Cooper, Breaker & Boone - Three Stars Get 'Lost'
To kick off African American Heritage Month (formerly known as Black History Month), City Center's Encores! is presenting a concert of Kurt Weill and Maxwell Anderson's Lost in the Stars, the 1949 musical adaptation of Alan Paton's book Cry, the Beloved Country this weekend. As usual, the cast includes some top Broadway performers--in this case, Tony-winner Chuck Cooper (The Life and Caroline or Change), Tony-nominee Daniel Breaker (Passing Strange and Shrek), and Sherry Boone (Marie Christine) all have major roles.
Paton's book, published in the year Apartheid became law in South Africa, follows the troubles of a Black South African family when their son kills a white boy, and the musical follows the same plot closely. "It's a very daring piece of drama," Cooper says. "To talk about apartheid in the '40s was an amazing thing. And it's important to keep these pieces alive, which is the mantra of Encores!-to give these pieces an encore."
Breaker, for his part, was intrigued by Kurt Weill's score. "Whenever I approach things, it's based in music," he says. "I hear the music before I see anything else. And Kurt Weill, who you could consider a modern classical composer, is right up my alley."
Boone says that she was attracted to "the tragedy, to triumph, to the hope, which has come out of the Apartheid system," and finds parallels in the story to the journeys of Winnie and Nelson Mandela during the same time as Lost in the Stars is set. "Mandela obviously had a choice as to what he would say, once he was given his freedom, to the people of South Africa. I really believe he had it in his hands, whether South Africa would become a place where the whites and Blacks could co-exist or whether it would become a bloodbath."
While the musical was written and is set in South Africa in the 1940s, all three performers feel it is still relevant to 2011 America. Its central themes of truth and justice, Cooper says, are part of the human condition. "It's incredibly relevant.
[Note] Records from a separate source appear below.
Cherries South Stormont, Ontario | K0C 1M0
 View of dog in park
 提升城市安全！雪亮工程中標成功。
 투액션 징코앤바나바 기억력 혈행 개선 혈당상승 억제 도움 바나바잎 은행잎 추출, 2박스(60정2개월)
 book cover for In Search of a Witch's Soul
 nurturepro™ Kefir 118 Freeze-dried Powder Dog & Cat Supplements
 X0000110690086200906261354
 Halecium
Look at Obama!" he adds, drawing parallels to Obama's political crises with Kumalo's crisis of faith and conscience. "What do you do? Very often, there's no correct answer. It's a matter of choosing the lesser of two evils. I can't imagine anyone coming to see this play and not being able to think of an example in their life when they were confronted with a bad choice. Which bad choice do I want to take?"
Boone sees the conflicts in the musical, and the steps the characters take towards resolving those conflicts, as similar to the progress being made across ethnic lines in America today. "We must still face that there is so much healing that still needs to take place between Blacks and whites in America," she says. "It's an exciting time, and Lost in the Stars goes right into the eye of race relations today--even though it's set in 1949."
Cooper agrees. "We run the risk of thinking we have arrived, and that all racial issues are solved because we have this landmark," he says. "There are still jails packed with Latino and Black men who have been injustly put there because of a legal system stacked against them. There are racial issues that need lots of attention and focus and work. And it's very important for pieces like this to ask us how far we have come...Whenever you look back, it helps us decide how to go forward."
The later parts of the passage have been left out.